The analysis pipeline consists of:

Building the Stacked Generalizer (Super Learner)


  1. Multiple machine learning algorithms* (submodels) are tuned using randomized parameter search with cross-validation and trained on the current batches' full training set. Submodels currently available include elastic net trained with stochastic gradient decsent (glm), non-linear support vector machine (svm), multilayer perceptron (mlp), random forest (randForest), and gradient boosting machine (gradBoost). All submodels aside from the random forest and gradient boosting machines are built in a bagging (bootstrap aggregation) ensemble to protect against overfitting, comparable to random forest and gradient boosting. Additionally, svm classification models use an additional calibration step with Platt scaling to generate class assignment probabilities. All submodels are optimized using mean absolute error (regression) or balanced accuracy (classification).
  2. Prediction submodels are aggregated into a super learner1,2, a linear combination of submodel predictions optimizing the same loss function. This is implemented as an elastic net model with no intercept and trained with stochastic gradient descent. The super learner is tuned using randomized paramter search and trained on the cross validation hold-outs from the full training sample.

*All algorithms are implemented using SciPy, Statsmodels, and SciKit-Learn, with many more to come.

Evaluating Super Learner and Submodel Performances


  1. The optimized and trained super learner and submodels are scored on the full training set and test set. The super learner coefficients and all scores are printed to the command line and saved.
  2. To determine above-chance super learner and submodel performances, permutation testing is used. Here, <numSimsPI> number of permutations of the label column are created and scored with the super learner and each submodel. The best (non-permuted) score is compared to this distribution of permuted performances and probability values are printed to the command line and saved.

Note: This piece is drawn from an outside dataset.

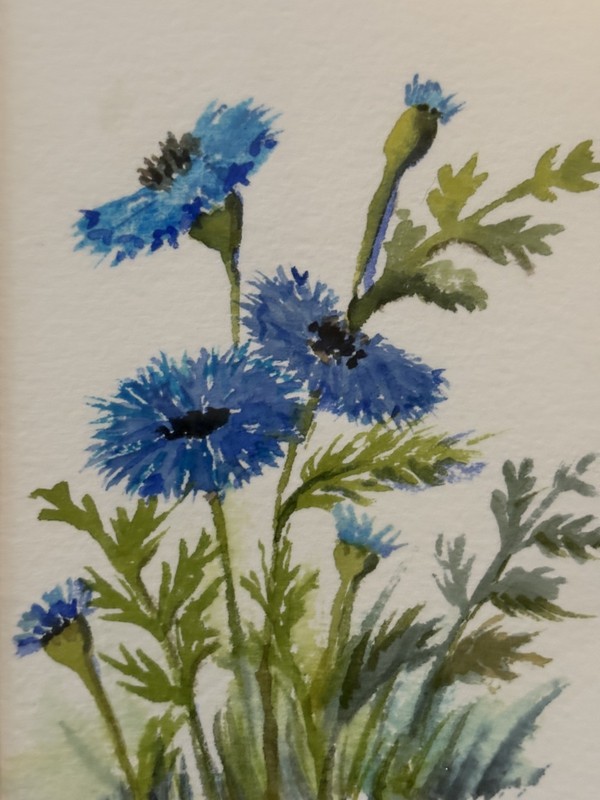 Set of Watercolor Paintings Pink Dahlias Blue Cornflowers Framed Signed 12x9.5” gallery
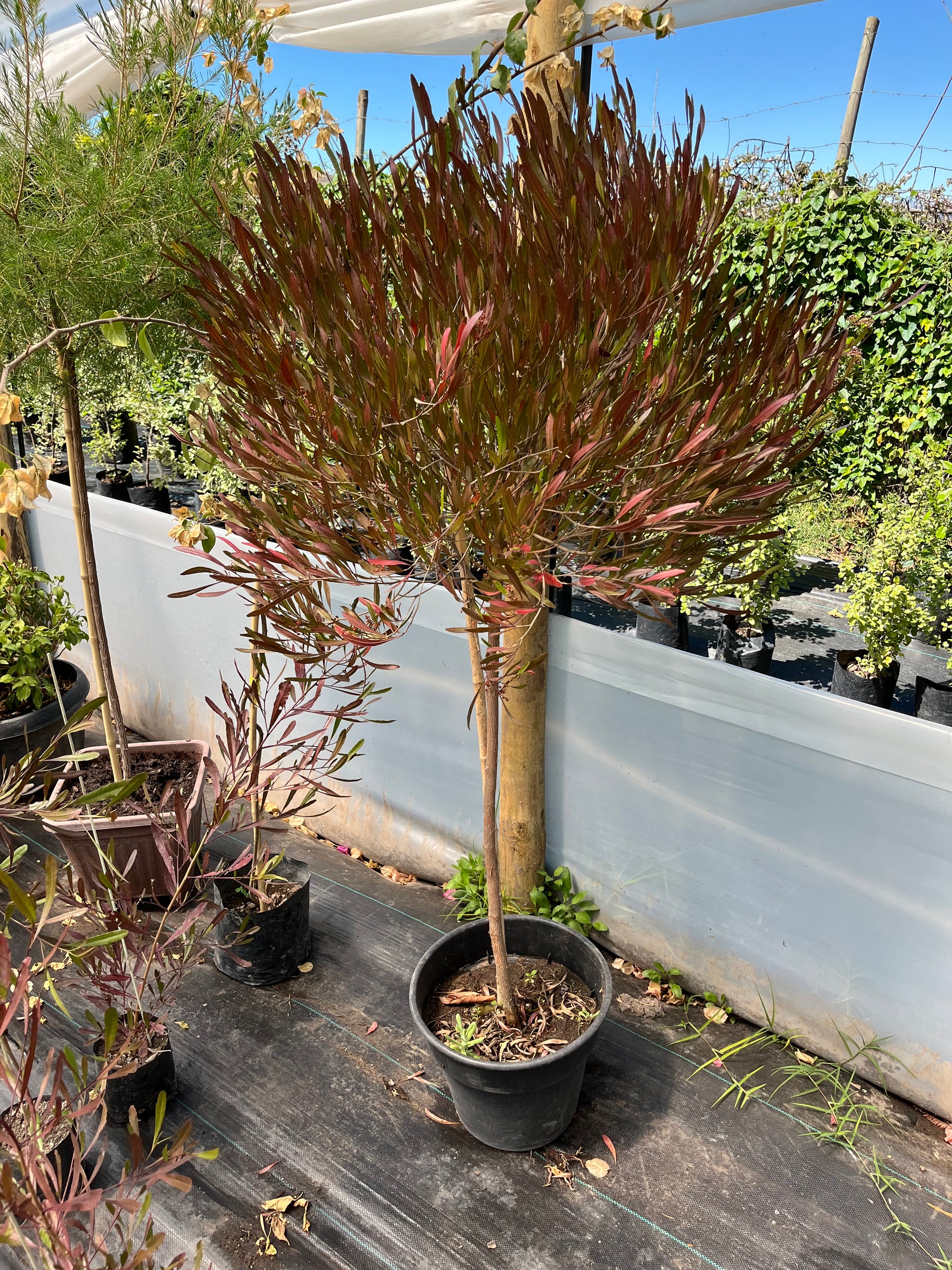 Plantas Pie Alto Grande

Feature Importance Analysis using Permutation Importance


  1. Permutation importance is a univariate feature importance metric that represents the decrease in model performance when the relationship between that feature's values and other features/the label are disturbed. This can be interpretted as the "influence" of that feature alone on making accurate predictions through the model.
  2. The permutation importance approach is limited by multicollinearity between features (i.e. importance is underestimated for features where the model continues to get the useful information from other related features). To circumvent this issue, an absolute Spearman rho correlation matrix is generated for the features. Pairwise rho statistics are input as the distance matrix to an OPTICS clustering algorithm (implemented in SciKit-Learn). OPTICS parameters are optimized through randomized parameter search and scored using the Silhouette coefficient3. Features are either assigned to a cluster or left on their own (signified by cluster = -1), depending on the results of the clustering.
  3. Similar to permutation testing, <numSimsPI> rounds of permuting each feature column are used to disturb feature/label relationships. If a feature belongs to a cluster, all features in that cluster are permuted simultaneously. The mean change in performance of the super learner is assigned to that feature as its importance (for clustered features, this score is scaled to the number of features in that cluster). The best (non-permuted feature) score is then compared to these permuted feature scores to generate probability values for the importance score. All scores/statistics are saved to the output file.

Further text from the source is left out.